Do you love ethnic food like I do? If so, you might be interested in Eat Offbeat, a new cookbook by refugees. A year ago, Manal Kahi, then a student at Columbia University, couldn't find any Syrian-style hummus in New York City. She decided to make it her mission to bring new and underrepresented cuisine to the city by employing resettled refugees. With her brother, Wissan Kahi, they launched Eat Offbeat, a startup that aims to "introduce New Yorkers to new and off-the-beaten-path cuisines; create opportunities for talented home cooks who happened to be refugees by status; and, showcase the value refugees bring this country."

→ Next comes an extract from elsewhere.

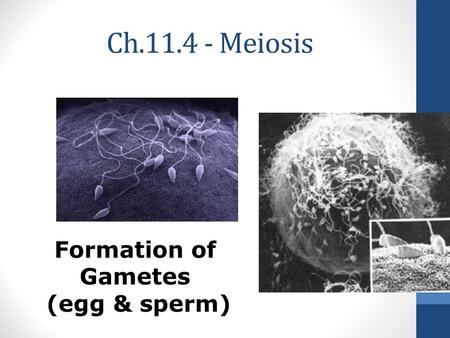 Ch.11.4 - Meiosis Formation of Gametes (egg & sperm)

In the past year, Eat Offbeat has trained and hired 16 chefs from 11 countries, fed 15,000 New Yorkers, and been dubbed "New York’s most groundbreaking catering." Now the siblings are expanding beyond New York by gearing up to publish Eat Offbeat: The Cookbook through a Kickstarter campaign that launched on March 7. It quickly surpassed its $50,000 goal. For a $30 donation, you'll receive this great cookbook, which will include more than 80 recipes from 20 chefs from 15 different countries including Iraq, Nepal, Syria, Eritrea, Guinea, Ivory Coast, Central African Republic, Algeria, and Egypt. With the additional money raised, Eat Offbeat will hire and train more chefs. Also, 10% of cookbook proceeds will be donated to the International Rescue Committee, which helps people who live in areas affected by humanitarian crisis.
The one upside of Trump's xenophobia and the rise of white supremacy is the pushback on the travel bans and the radical welcome people on the other side of the political spectrum are showing toward refugees and immigrants. The smashing success of the Eat Offbeat cookbook is one encouraging sign.